Stored data:
┏━━

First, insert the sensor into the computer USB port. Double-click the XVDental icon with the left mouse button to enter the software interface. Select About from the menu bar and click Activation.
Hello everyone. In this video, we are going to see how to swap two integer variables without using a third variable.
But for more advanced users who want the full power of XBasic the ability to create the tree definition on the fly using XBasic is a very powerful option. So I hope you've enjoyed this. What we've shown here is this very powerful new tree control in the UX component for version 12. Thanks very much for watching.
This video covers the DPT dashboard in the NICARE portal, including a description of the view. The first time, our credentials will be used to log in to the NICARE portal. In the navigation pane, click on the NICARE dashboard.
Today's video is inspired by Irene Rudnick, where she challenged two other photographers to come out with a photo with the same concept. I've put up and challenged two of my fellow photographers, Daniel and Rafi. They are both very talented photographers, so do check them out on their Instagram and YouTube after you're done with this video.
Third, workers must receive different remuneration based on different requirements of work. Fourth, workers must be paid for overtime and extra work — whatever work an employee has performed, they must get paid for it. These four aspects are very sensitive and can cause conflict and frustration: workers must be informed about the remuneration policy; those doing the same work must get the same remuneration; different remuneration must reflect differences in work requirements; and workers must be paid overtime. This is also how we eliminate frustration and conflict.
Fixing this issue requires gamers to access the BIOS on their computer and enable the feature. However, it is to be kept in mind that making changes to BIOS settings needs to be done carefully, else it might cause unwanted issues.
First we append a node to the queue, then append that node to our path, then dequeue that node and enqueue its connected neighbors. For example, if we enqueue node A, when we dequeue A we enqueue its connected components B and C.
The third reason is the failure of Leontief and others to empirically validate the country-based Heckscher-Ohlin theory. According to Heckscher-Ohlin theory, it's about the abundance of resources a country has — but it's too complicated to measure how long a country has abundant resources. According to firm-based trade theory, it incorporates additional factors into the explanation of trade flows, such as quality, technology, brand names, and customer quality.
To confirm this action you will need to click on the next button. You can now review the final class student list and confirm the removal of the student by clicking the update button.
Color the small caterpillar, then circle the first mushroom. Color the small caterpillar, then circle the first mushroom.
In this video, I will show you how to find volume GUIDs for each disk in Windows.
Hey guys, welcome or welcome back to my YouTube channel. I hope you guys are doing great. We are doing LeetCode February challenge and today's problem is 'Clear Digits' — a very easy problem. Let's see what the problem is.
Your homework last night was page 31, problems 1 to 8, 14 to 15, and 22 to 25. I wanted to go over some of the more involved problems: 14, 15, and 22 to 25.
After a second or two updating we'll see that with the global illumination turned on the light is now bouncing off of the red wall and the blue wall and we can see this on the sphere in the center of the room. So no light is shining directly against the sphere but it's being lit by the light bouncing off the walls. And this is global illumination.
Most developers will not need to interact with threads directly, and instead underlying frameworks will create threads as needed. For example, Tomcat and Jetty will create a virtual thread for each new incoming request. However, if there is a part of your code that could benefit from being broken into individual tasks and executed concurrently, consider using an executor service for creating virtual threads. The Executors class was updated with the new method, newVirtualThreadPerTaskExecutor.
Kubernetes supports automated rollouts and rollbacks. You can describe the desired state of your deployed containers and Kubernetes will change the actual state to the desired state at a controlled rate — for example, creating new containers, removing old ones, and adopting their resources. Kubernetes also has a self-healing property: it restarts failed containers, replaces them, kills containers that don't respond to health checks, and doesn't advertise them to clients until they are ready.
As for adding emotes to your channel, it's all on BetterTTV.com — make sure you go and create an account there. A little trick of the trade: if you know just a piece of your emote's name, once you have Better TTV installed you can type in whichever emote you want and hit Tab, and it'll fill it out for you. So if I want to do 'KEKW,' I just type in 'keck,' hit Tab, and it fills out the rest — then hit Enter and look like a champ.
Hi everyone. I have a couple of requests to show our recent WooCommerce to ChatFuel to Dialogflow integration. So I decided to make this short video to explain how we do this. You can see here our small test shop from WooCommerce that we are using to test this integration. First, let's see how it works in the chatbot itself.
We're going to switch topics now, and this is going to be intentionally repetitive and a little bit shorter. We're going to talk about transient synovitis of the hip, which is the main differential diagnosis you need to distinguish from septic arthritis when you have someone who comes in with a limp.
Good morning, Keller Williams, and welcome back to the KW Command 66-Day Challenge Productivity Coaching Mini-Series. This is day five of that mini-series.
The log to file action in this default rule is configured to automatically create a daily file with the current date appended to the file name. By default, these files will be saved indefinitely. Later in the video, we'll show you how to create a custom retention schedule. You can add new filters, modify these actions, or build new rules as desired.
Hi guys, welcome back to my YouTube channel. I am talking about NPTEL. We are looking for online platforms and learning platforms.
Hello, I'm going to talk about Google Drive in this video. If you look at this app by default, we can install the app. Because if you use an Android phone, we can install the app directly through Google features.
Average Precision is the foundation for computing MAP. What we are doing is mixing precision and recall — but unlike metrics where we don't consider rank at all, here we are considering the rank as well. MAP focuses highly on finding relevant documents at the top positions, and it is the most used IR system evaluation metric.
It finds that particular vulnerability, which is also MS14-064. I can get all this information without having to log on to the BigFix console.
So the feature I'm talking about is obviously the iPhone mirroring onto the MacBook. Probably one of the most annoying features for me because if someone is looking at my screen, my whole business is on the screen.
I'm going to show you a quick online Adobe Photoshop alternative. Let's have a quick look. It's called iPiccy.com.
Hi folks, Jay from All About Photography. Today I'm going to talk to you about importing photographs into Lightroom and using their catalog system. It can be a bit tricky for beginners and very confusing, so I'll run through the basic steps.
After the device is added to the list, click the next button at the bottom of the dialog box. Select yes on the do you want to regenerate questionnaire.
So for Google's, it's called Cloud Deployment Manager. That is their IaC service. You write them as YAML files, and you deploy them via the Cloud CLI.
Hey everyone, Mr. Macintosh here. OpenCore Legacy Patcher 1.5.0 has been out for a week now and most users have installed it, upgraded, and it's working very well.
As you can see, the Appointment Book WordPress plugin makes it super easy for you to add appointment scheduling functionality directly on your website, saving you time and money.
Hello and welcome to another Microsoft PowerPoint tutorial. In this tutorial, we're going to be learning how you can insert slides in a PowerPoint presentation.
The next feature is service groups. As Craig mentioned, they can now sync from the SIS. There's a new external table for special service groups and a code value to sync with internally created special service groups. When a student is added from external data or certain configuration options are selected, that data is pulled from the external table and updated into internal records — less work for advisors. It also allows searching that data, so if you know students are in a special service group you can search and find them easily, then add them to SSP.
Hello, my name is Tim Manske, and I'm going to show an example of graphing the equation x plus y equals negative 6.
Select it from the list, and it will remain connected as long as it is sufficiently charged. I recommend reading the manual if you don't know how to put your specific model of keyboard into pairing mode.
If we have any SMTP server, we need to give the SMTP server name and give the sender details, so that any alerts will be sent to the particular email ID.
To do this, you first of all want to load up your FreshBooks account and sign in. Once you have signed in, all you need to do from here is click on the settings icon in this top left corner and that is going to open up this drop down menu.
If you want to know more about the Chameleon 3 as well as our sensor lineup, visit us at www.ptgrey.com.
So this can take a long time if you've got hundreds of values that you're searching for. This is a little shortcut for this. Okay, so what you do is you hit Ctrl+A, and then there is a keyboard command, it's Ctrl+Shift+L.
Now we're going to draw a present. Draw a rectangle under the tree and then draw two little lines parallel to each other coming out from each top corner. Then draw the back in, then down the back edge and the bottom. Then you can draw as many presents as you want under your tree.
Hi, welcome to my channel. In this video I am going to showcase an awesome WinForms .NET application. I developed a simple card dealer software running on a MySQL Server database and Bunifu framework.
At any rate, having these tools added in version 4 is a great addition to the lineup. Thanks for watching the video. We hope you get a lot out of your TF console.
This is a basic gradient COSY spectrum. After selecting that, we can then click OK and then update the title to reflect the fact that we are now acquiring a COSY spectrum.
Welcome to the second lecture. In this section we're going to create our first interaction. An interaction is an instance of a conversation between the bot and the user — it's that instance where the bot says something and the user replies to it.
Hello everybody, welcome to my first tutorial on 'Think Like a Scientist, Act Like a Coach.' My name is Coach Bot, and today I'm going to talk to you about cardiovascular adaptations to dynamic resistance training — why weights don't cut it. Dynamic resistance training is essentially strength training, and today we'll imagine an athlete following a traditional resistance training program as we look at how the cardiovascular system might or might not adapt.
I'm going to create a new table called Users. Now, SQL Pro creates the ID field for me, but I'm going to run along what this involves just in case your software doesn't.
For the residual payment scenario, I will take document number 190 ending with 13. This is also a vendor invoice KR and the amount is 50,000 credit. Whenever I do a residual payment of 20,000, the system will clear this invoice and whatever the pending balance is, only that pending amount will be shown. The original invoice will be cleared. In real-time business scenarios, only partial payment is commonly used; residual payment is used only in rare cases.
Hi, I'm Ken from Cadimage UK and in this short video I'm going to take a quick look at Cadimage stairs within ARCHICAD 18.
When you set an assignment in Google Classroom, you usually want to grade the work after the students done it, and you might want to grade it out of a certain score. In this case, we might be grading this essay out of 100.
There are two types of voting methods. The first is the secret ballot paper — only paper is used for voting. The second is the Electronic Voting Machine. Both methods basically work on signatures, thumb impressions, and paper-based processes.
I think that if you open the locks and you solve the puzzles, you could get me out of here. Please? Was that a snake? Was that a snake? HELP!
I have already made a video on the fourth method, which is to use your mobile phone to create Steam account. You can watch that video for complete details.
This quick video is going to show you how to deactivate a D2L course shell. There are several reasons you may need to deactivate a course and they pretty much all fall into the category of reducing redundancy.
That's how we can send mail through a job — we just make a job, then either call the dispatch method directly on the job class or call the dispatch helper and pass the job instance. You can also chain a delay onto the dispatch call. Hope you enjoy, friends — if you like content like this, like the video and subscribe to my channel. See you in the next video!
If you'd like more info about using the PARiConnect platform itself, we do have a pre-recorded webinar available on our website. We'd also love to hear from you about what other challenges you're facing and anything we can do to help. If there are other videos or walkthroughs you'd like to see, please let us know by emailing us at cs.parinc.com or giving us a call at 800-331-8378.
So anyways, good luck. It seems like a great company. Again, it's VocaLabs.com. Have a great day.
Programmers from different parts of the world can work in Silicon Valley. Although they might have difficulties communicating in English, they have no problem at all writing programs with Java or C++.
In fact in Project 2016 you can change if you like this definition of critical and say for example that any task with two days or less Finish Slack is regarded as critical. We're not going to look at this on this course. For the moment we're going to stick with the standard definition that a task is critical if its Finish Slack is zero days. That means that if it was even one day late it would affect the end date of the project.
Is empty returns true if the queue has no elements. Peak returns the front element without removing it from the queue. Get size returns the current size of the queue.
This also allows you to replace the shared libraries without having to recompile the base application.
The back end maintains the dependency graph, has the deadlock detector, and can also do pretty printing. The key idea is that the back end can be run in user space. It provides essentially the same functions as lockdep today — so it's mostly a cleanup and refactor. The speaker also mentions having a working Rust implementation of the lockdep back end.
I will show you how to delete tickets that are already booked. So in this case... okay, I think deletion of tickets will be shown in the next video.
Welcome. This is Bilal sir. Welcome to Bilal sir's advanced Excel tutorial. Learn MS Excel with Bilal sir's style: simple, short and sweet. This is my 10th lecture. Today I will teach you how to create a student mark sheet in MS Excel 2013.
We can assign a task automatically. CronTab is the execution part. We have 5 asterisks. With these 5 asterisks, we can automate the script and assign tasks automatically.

┗━━

**Problem to solve:** The line containing "Today's video is" marks the end. Please print exactly every line from the top of the data to it, both included, and nothing more.

**Solution to this task:**
First, insert the sensor into the computer USB port. Double-click the XVDental icon with the left mouse button to enter the software interface. Select About from the menu bar and click Activation.
Hello everyone. In this video, we are going to see how to swap two integer variables without using a third variable.
But for more advanced users who want the full power of XBasic the ability to create the tree definition on the fly using XBasic is a very powerful option. So I hope you've enjoyed this. What we've shown here is this very powerful new tree control in the UX component for version 12. Thanks very much for watching.
This video covers the DPT dashboard in the NICARE portal, including a description of the view. The first time, our credentials will be used to log in to the NICARE portal. In the navigation pane, click on the NICARE dashboard.
Today's video is inspired by Irene Rudnick, where she challenged two other photographers to come out with a photo with the same concept. I've put up and challenged two of my fellow photographers, Daniel and Rafi. They are both very talented photographers, so do check them out on their Instagram and YouTube after you're done with this video.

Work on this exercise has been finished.